◆ **Work to be completed**
Return only the line containing "Illustration judiciaire du procès." and each line after it, exactly as written, through the end of the records.

◆ **Task material**

■ ■ ■ ■ ■

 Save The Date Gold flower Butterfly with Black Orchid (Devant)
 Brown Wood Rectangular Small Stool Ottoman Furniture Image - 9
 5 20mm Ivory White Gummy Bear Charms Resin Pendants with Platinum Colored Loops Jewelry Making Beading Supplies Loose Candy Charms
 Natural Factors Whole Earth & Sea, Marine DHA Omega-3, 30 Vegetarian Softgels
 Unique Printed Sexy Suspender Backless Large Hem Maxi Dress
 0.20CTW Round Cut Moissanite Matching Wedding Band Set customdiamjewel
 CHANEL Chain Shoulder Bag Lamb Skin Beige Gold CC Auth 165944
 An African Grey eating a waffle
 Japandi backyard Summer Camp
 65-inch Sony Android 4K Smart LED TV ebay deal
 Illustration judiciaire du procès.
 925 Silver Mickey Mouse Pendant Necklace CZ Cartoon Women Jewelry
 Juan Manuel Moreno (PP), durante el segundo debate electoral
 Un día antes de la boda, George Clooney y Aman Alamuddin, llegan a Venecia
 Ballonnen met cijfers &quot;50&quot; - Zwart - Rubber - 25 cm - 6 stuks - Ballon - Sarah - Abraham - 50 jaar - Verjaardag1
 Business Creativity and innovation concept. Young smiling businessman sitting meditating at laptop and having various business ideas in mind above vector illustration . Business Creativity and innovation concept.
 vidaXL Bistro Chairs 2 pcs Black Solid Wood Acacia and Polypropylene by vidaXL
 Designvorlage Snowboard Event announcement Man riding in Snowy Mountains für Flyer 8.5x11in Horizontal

■ ■ ■ ■ ■

◆ **Response to this task**
 Illustration judiciaire du procès.
 925 Silver Mickey Mouse Pendant Necklace CZ Cartoon Women Jewelry
 Juan Manuel Moreno (PP), durante el segundo debate electoral
 Un día antes de la boda, George Clooney y Aman Alamuddin, llegan a Venecia
 Ballonnen met cijfers &quot;50&quot; - Zwart - Rubber - 25 cm - 6 stuks - Ballon - Sarah - Abraham - 50 jaar - Verjaardag1
 Business Creativity and innovation concept. Young smiling businessman sitting meditating at laptop and having various business ideas in mind above vector illustration . Business Creativity and innovation concept.
 vidaXL Bistro Chairs 2 pcs Black Solid Wood Acacia and Polypropylene by vidaXL
 Designvorlage Snowboard Event announcement Man riding in Snowy Mountains für Flyer 8.5x11in Horizontal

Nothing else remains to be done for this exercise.